§ Problem requirements: Exactly the lines below from the one with "Before & After" up to and including the one with "Arrhythmia Recognition: The" make up the answer, with nothing else added.

§ Data in this exercise:
╔══
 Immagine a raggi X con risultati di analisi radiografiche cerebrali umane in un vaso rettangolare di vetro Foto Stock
╚══
╔══
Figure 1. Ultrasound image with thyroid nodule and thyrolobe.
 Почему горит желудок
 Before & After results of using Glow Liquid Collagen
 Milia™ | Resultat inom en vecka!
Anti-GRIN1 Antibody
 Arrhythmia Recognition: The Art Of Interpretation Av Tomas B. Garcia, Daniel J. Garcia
╚══
╔══
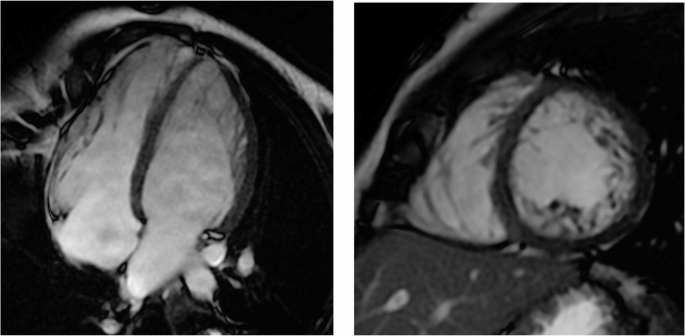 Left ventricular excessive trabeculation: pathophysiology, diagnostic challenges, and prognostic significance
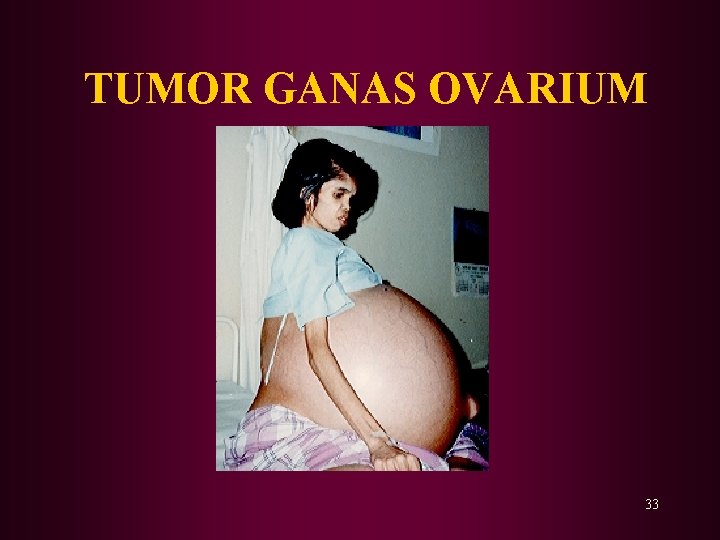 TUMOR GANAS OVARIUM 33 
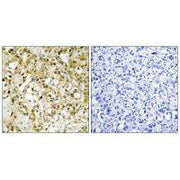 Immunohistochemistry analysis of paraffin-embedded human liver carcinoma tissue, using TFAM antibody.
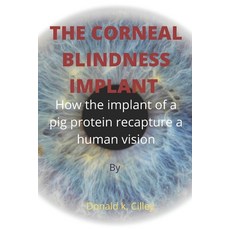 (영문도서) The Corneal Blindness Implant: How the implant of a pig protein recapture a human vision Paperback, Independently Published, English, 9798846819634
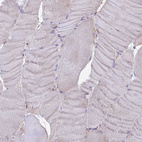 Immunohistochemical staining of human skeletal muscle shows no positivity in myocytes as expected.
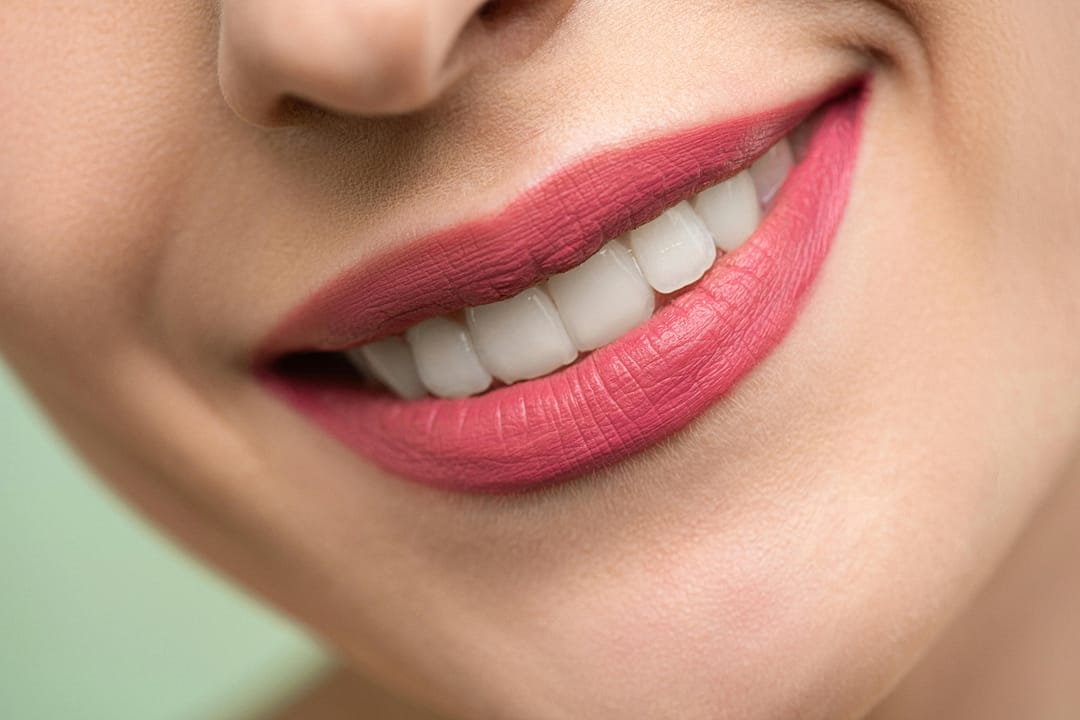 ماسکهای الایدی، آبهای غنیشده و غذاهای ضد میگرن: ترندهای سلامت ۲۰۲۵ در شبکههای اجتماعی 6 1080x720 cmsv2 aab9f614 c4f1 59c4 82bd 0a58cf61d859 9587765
╚══
§ Task answer:
 Before & After results of using Glow Liquid Collagen
 Milia™ | Resultat inom en vecka!
Anti-GRIN1 Antibody
 Arrhythmia Recognition: The Art Of Interpretation Av Tomas B. Garcia, Daniel J. Garcia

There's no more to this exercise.